- [Try it] Please, from the entries below, transcribe exactly the lines that begin at the line with "Deputy Chief Minister" and end at the line with "Woman looks at", without the pictures.

(Stored data entries)
[Start of Attachment]

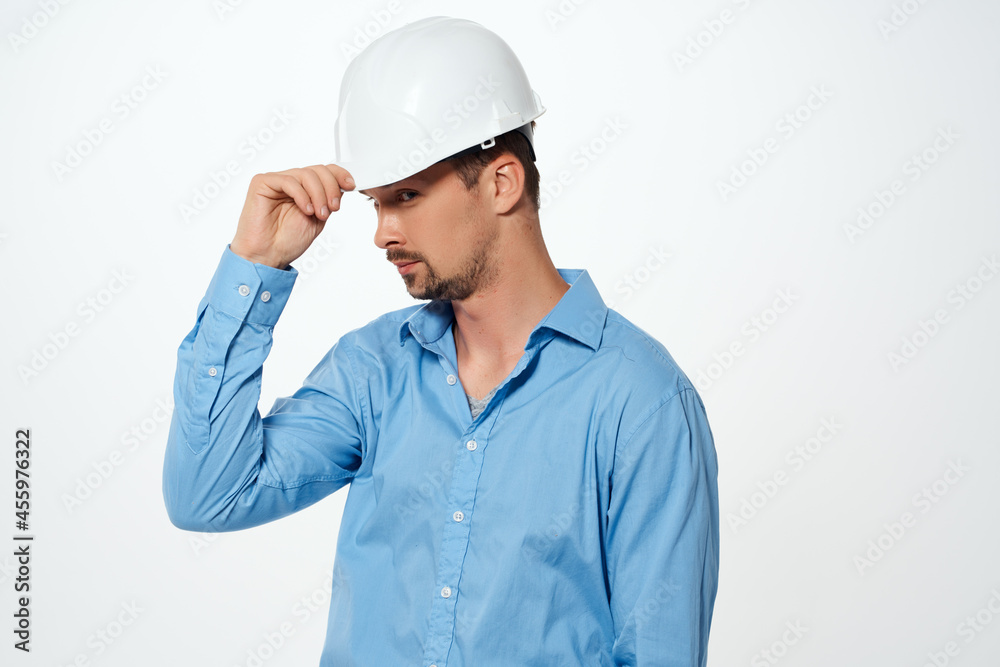 male builder with drawings in hand hand gesture light background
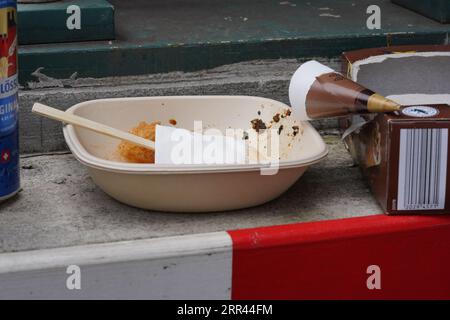 Einweggabel in einem Styroporbehälter für Straßennahrung mit gebrauchten Servietten und einigen Essensresten. Stockfoto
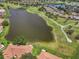 Aerial view of a golf course, lake, and neighborhood homes, providing a picturesque landscape at 2516 New Haven Cir, Sun City Center, FL 33573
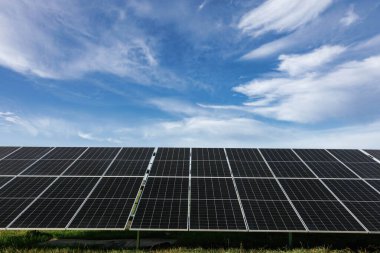 Güneş panelleri, mavi gökyüzü altında güneş ışığını emerek, yenilenebilir enerji ve sürdürülebilirliği sembolize ediyor.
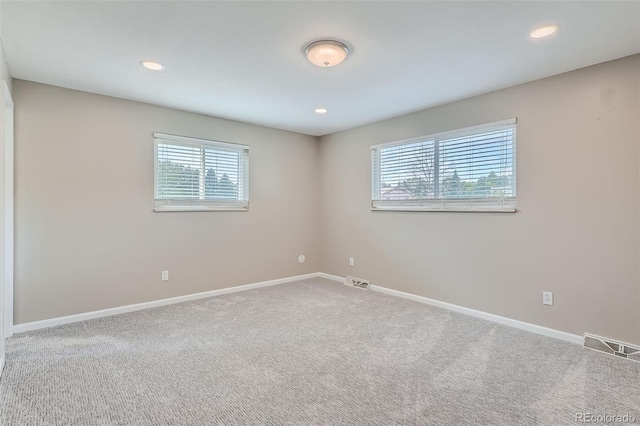 empty room with carpet flooring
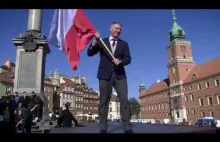 Przemysław Wipler z flagą Polski pozuje do zdjęć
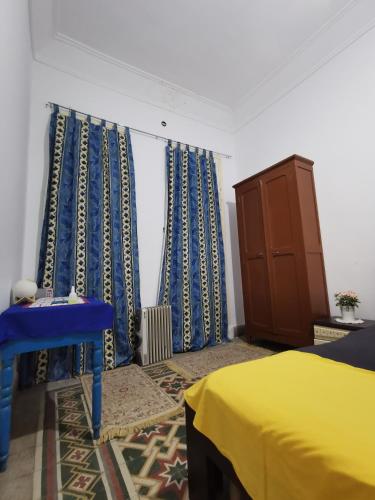 1 dormitorio con cortinas azules y amarillas y 1 cama en Dar mima baya, en Túnez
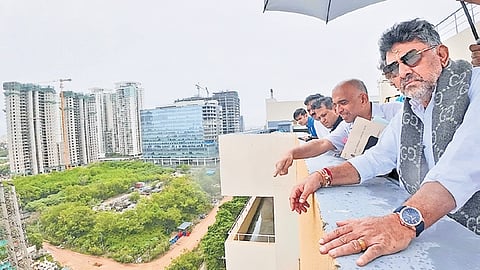 Deputy Chief Minister DK Shivakumar inspects the stormwater drain near Manyata Tech Park in Yelahanka on Thursday.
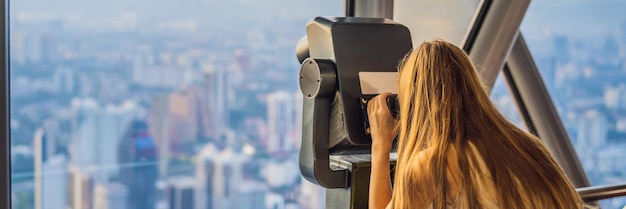 Woman looks at kuala lumpur cityscape panoramic view of kuala lumpur city skyline evening at sunset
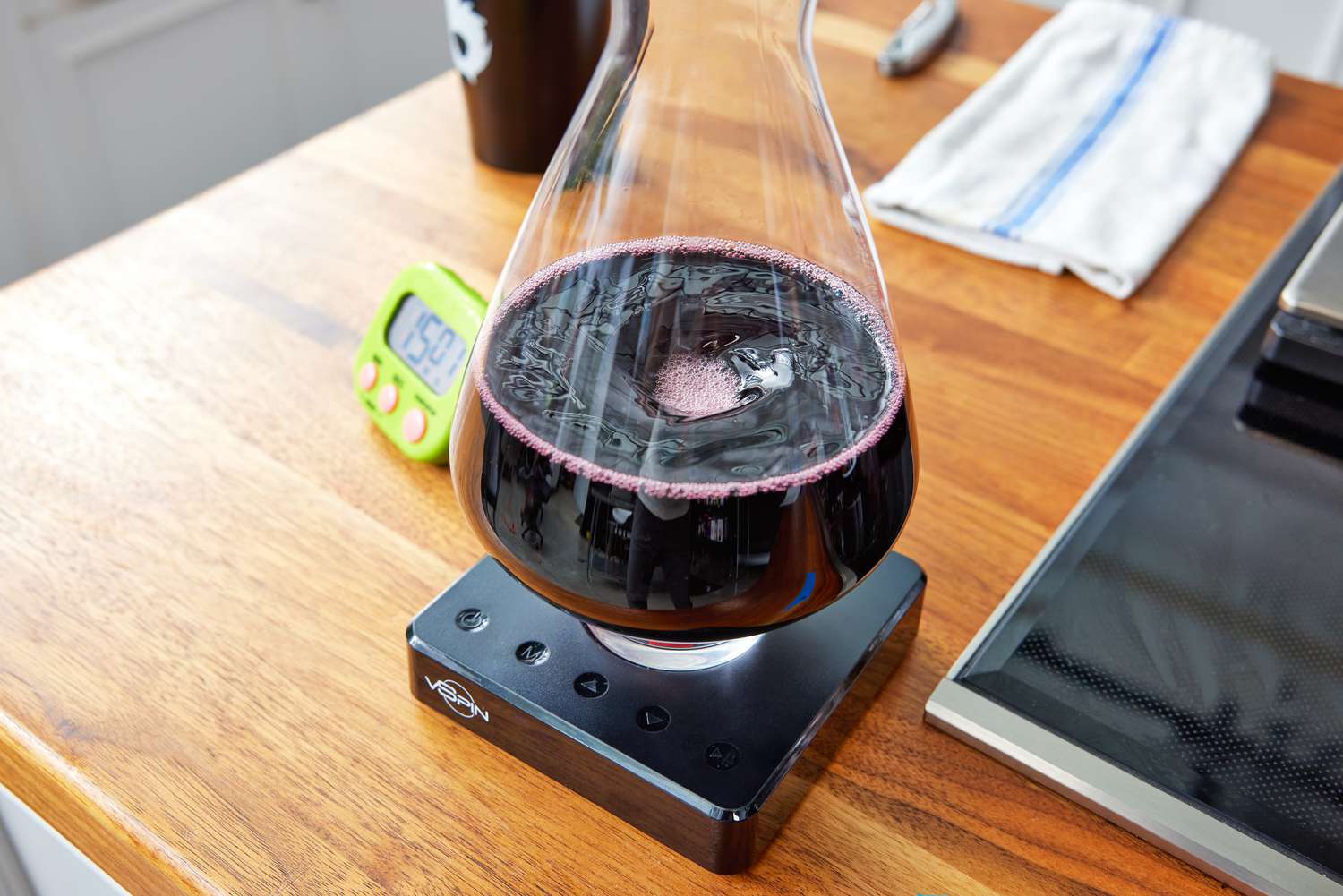 An electric wine decanter spinning red wine around in its carafe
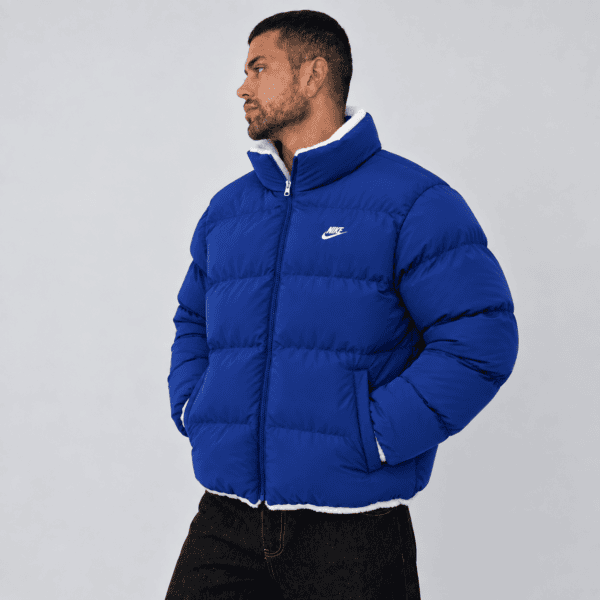 Man in blue Nike puffer jacket facing left against plain background.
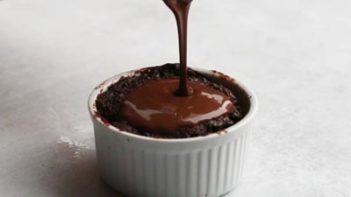 Drizzling keto chocolate sauce on the lava cake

[End of Attachment]

- [Task result]
 Deputy Chief Minister DK Shivakumar inspects the stormwater drain near Manyata Tech Park in Yelahanka on Thursday.
 Woman looks at kuala lumpur cityscape panoramic view of kuala lumpur city skyline evening at sunset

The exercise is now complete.